Kiedy jakiś czas temu przeczytałam pierwsze fragmenty tej korespondencji wiedziałam, że przyjdzie czekać na publikację niezwykłą. Dzisiaj czuję jakbym rozwiązywała długą wstążkę, obejmującą pokaźny pęk uczuć delikatnych niczym liście opadające na jesieni. Jej końcówki są dwiema istotami złączonymi ze sobą nie tylko splotem tkaniny życia, ale połączonymi przez Opatrzność, aby uratować każdą z nich razem i z osobna. Każdą na inny sposób.
Spoglądam jak rozwiązująca się powoli tasiemka prześlizguje się między moimi palcami wytyczając drogę do odczytania kształtu liter i uchwycenia melodii, zapisanych w odręcznym piśmie, słów. Jestem jak niewidzący posługujący się alfabetem Braille'a, wyczuwając wypukłość punktów stanowiących swoisty kod do odczytania znaczenia ukrytego w geometrii, skreślonych na kartkach papieru, myśli. Ja go szukam. Kodu do ich wzajemnych uczuć, do relacji przejmujących i niełatwych, a jednocześnie przypisanych sobie losem zmienności życia. Ich obu. Jarosława Iwaszkiewicza i Wiesława Kępińskiego. Pisarza i osierocone dziecko. Ojca i syna. Przyjaciół. Bliskich i odległych sobie.
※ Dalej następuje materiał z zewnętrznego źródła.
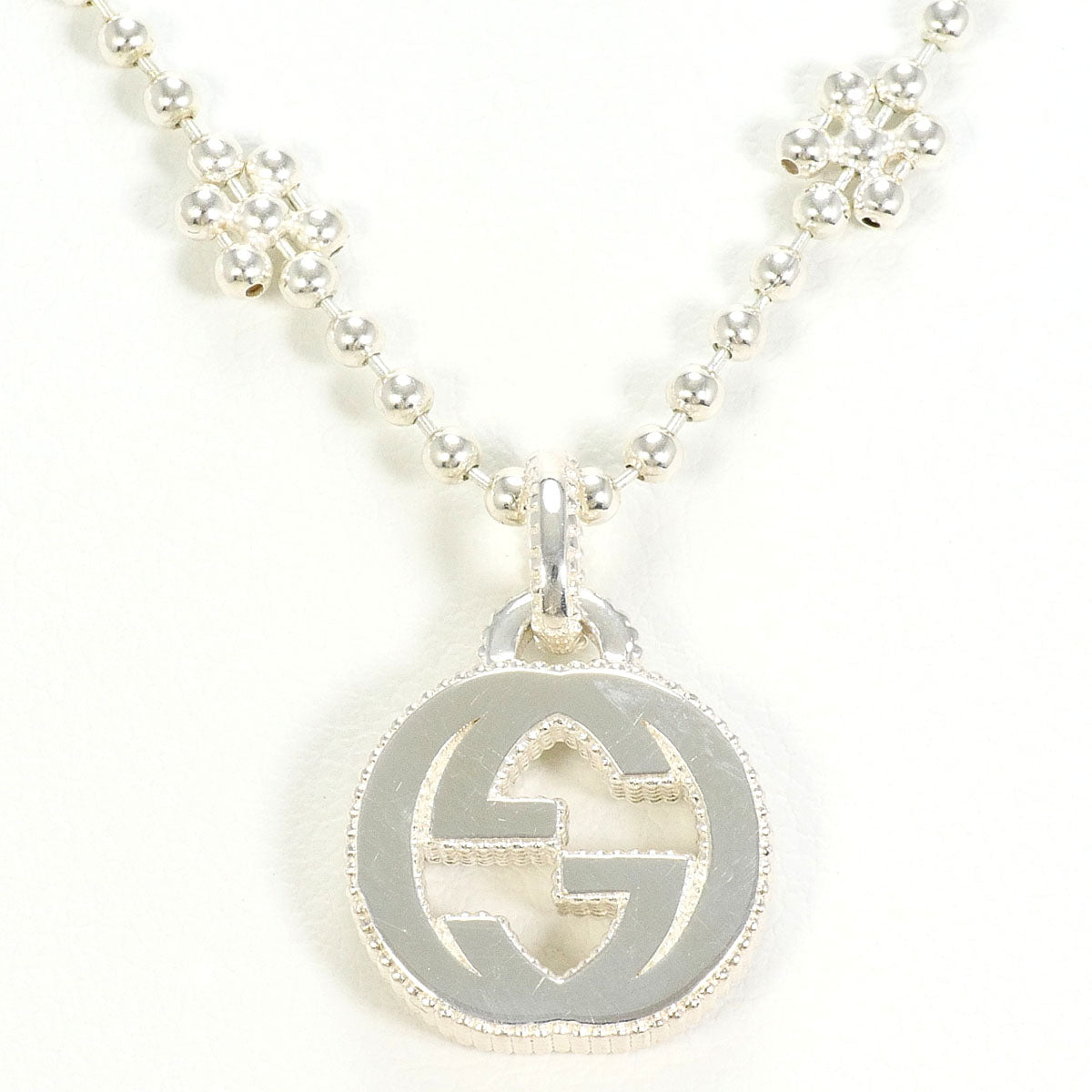 Gucci Interlocking G Flower Silver 925 Necklace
Wzruszenie zastyga w gardle dławiąc każdą opadającą łzę zrodzoną w zawstydzeniu własnej słabości, jak rodzi się więź między Jarosławem i Wiesiem. Nieporadna jak pierwsze listy chłopca, świadoma i ważna, jak wyznania Opiekuna: Nigdy jeszcze nie byłem tak z bliska przy przemianach dojrzewania, przy tworzeniu się człowieka. I tak lęk mnie ogarnia, że każdy twój krok dzisiaj jest wyborem na całe życie.
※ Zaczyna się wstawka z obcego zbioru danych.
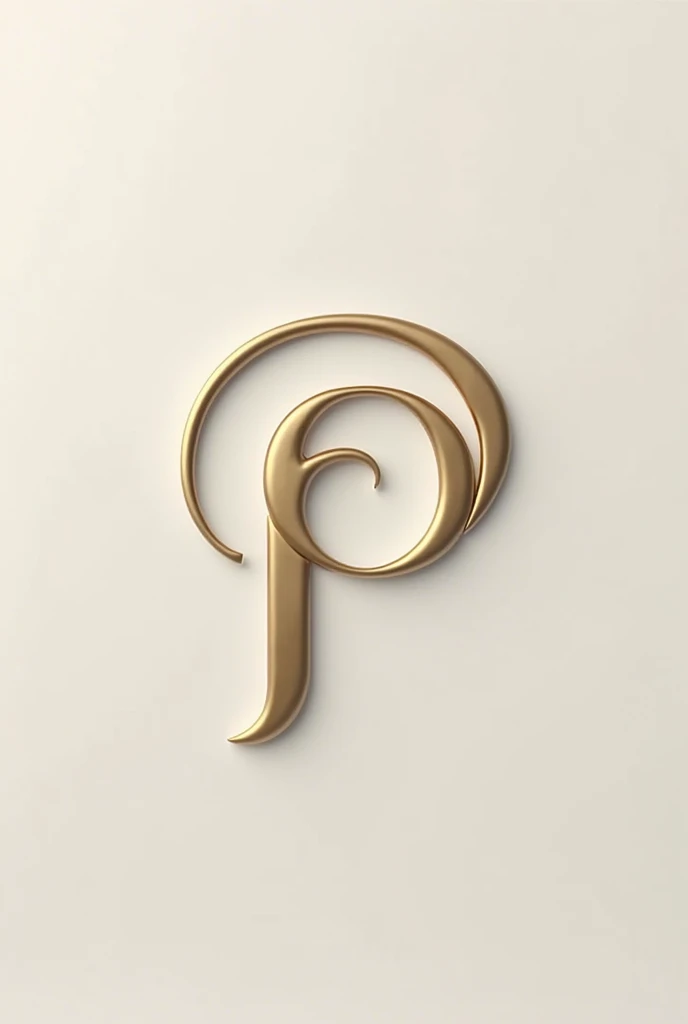 Buatkan saya logo dari kata Parameters channel. I want to look elegant and luxurious by just symbolizing 2 letters, namely P. & c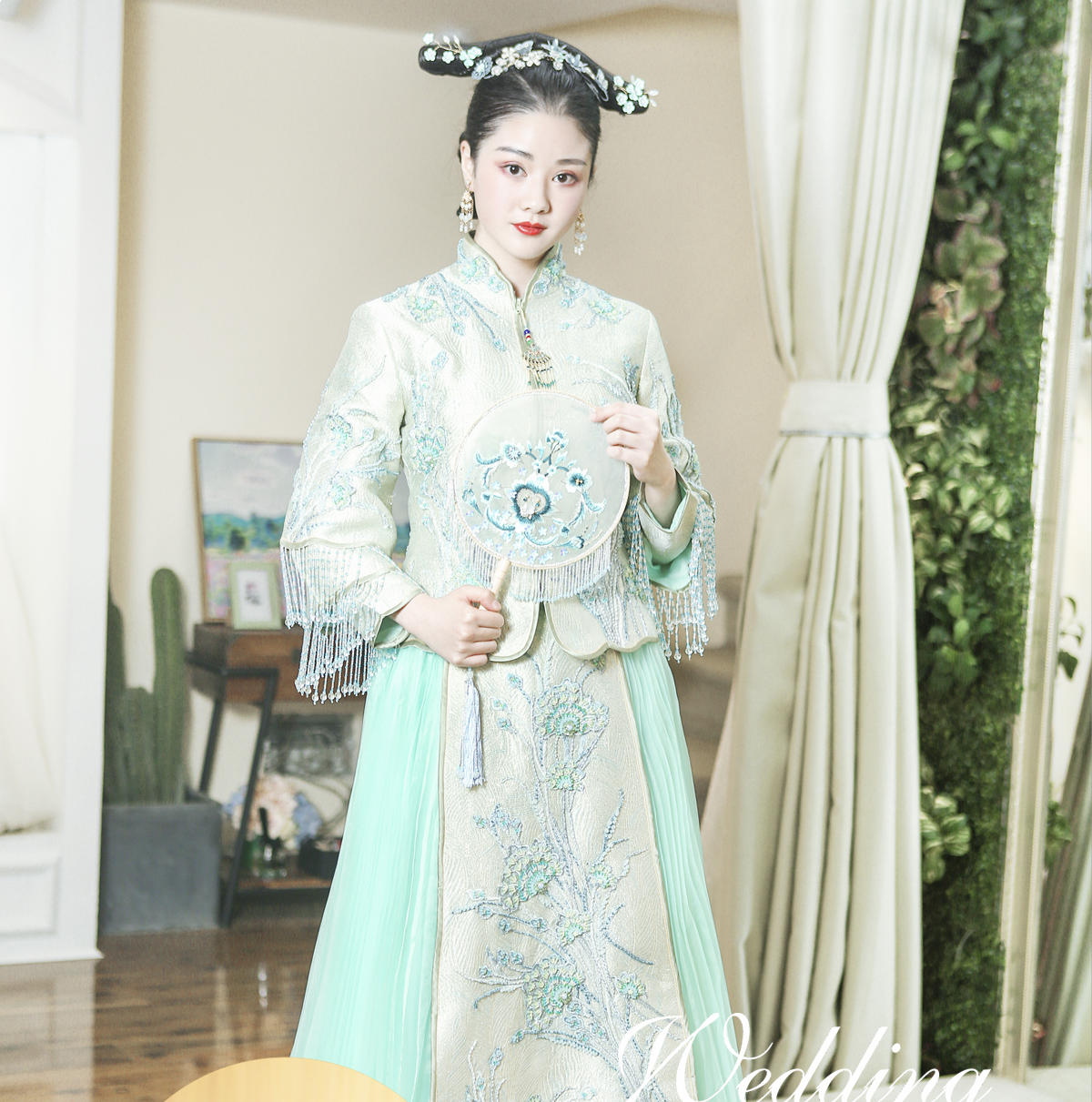 BLING柏伶纱超值经典搭配婚纱+礼服9件套餐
Jestem na początku ich wspólnej drogi. Wsłuchuję się jak mała roślinka, posadzona w całkiem nowej ziemi, zapuszcza powoli korzenie. Czerpie siłę i witalność z czułości i opieki jaką się ją obdarza. Rośnie, także w sobie samej, poznając nowe smaki, zapachy, poddając się ciepłemu oddechowi bezpieczeństwa. Z dala od biedy i głodu. Poczucia osamotnienia. Zapełniając powoli odczuwaną pustkę bliskością i poczuciem przynależności do kogoś. Rozkwitając pod parasolem ochronnym miłości. Rodzi się na nowo. Do nowego życia i szansy na lepsze, pełniejsze istnienie, nie tylko dla siebie, ale także dla swojego opiekuna. Chciałem Ci tylko powiedzieć, że w ciągu tego roku żyłem też bardzo mocno dzięki tobie i chwilami nawet byłem szczęśliwy: jest to jeden z najpiękniejszych czasów mego życia. Wiedz o tym.
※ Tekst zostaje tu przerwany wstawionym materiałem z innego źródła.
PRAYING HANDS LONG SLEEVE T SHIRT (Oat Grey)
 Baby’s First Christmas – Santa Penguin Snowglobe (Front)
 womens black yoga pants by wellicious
Kolejna pożółkła koperta. Wyblakły znaczek. Pocztówka z Watykanu.
Książka listów. Pudełko wspomnień.
Rys pękniętego życia dziecka pod sklepieniem wielkiego serca Pisarza.
Wtapiam się w słowa wstępu Roberta Papieskiego.
I trudno jedno wzruszenie oddzielić od drugiego, jakby książka nie składała się ze zbioru doraźnie pisanych listów, lecz stworzył ją jakiś majster literacki, który zadbał o to, by znalazło się w niej wszystko, co powinno wyróżniać dobrą powieść epistolarną. Bo korespondencja Iwaszkiewicza i Kępińskiego czyta się jak powieść w listach, w której można wydzielić trzy równorzędne wątki: opowieść o artyście, opowieść o rozwoju duchowym i dzieje przyjaźni.
Przede mną jeszcze ponad czterysta listów pisanych na przestrzeni trzydziestu lat. Dwóch mężczyzn, którzy zapisali wspólnie własną drogę życia i swoistego odrodzenia. W odchodzeniu i powrotach. W rozłące ostatecznej i ostatniej próbie powrotu do już nie takiego samego domu.
"Jarosław Iwaszkiewicz / Wiesław Kępiński
Męczymy się obaj. Korespondencja z lat 1948-1980"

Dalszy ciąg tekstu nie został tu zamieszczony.